We felt that we needed something that would allow us to keep both the paper record and have the information stored digitally as well, so that we had a record of the test results on a computer system once it was written in the handheld notes
Previously, University Hospital of Wales maternity services recorded FFN test information and results using handwritten notes, which would then be manually entered into three different records; the department records, the mother’s hospital records, and to the handheld notes held by the mother. This resulted in delays in getting the information entered into systems and also led to instances of lost information. If the handheld notes were lost or forgotten at the time of labour, midwives would have no other way of accessing all the necessary information they needed for a delivery.
“Previously, we had three separate records where we needed to record the test results,” said Abigail Holmes, consultant midwife at University Hospital Wales.
“We felt that we needed something that would allow us to keep both the paper record and have the information stored digitally as well, so that we had a record of the test results on a computer system once it was written in the handheld notes. Anoto’s digital writing technology was ideal for this purpose as it allowed us to carry on using a familiar workflow, but at the same time removed the need to re-enter data into different systems.”
The test is usually carried out on mothers that are showing symptoms of pre-term labour between 24 and 34 weeks of pregnancy. The test is designed to help for a more accurate diagnosis in cases where pre-term labour is suspected. In case of a positive FFN test, midwives are able to administer medications that can potentially stall pre-term labour.

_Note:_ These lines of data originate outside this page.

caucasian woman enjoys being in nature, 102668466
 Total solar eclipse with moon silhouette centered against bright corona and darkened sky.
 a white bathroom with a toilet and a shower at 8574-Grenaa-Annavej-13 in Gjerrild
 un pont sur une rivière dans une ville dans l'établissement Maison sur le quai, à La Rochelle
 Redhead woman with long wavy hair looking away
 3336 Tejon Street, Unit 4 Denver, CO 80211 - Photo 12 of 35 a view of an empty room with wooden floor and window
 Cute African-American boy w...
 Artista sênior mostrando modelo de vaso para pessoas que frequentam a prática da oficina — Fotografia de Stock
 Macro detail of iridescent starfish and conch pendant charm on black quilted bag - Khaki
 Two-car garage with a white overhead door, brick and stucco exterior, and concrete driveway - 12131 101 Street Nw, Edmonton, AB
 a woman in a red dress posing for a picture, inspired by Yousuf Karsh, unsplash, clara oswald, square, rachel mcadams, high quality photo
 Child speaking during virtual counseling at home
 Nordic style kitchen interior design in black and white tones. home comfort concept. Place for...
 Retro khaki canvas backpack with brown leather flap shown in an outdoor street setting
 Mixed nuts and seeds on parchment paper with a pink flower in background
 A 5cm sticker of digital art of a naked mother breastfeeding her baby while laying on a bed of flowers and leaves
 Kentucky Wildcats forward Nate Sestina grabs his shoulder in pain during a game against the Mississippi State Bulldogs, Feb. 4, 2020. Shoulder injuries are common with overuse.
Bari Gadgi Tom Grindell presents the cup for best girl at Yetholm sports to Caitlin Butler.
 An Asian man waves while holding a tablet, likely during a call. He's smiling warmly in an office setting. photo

“The testing is essential in cases where premature labour is suspected or a mother has previously delivered a baby prematurely,” Holmes explained.
The testing allows us to take necessary steps to ensure that the baby has the best chances to survive after a premature delivery
“The testing allows us to take necessary steps to ensure that the baby has the best chances to survive after a premature delivery. The test allows us to provide the mother and baby with necessary medication.”
Since deploying Anoto’s digital writing technology, University Hospital Wales has been able to significantly reduce the triplication of data as well as make the information available to midwives in an electronic format at all times.
“The digital pen technology has allowed us to record the information both in writing and in an electronic format, meaning that we don’t have to record the information multiple times, which is a huge time saver for us,” Holmes said.
“Additionally, in the cases where handheld notes containing the test result are lost or forgotten, midwives will have access to the information in an electronic format, ensuring that during labour all the information is available to them, on paper and digitally.”
“Digital writing technology is an ideal technology that can be used to significantly reduce administrative burdens,” added Richard Sargent, project delivery director at Anoto.
“Not only does digital writing free more time for patient care, but it also enables hospitals to have a digital record of all patient-related notes and tests readily available in cases where paper-based notes could potentially be misplaced. In the FFN testing, digital writing technology has allowed the team at University Hospital of Wales to reduce administrative time whilst keeping to the existing workflow.”